▶ _Information provided_:

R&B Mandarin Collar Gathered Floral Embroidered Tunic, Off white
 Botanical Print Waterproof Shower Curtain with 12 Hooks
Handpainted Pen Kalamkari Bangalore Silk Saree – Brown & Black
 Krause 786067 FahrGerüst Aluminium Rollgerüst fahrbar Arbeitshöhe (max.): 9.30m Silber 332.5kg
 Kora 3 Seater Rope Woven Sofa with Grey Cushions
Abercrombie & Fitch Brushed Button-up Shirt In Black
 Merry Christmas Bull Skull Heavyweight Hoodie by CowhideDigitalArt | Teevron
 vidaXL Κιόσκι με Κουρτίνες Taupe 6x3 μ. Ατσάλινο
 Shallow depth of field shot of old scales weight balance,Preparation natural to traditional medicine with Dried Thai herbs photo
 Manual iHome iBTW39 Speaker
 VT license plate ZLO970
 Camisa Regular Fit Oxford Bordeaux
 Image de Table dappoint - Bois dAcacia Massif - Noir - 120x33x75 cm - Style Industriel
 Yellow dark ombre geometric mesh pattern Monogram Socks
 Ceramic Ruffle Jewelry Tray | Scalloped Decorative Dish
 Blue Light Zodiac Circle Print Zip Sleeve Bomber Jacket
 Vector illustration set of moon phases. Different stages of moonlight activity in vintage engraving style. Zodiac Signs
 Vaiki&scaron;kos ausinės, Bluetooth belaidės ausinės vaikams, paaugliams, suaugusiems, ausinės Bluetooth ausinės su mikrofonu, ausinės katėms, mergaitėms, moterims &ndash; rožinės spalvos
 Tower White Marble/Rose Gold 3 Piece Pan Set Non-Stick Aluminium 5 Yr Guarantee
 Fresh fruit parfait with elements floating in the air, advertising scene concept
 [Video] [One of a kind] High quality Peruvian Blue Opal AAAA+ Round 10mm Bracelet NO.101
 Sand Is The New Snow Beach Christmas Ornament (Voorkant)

▶ _Task_: Taking the records as a whole, report how many of their lines include the word "with". Nothing but the number is wanted.

▶ _Your solution_: 4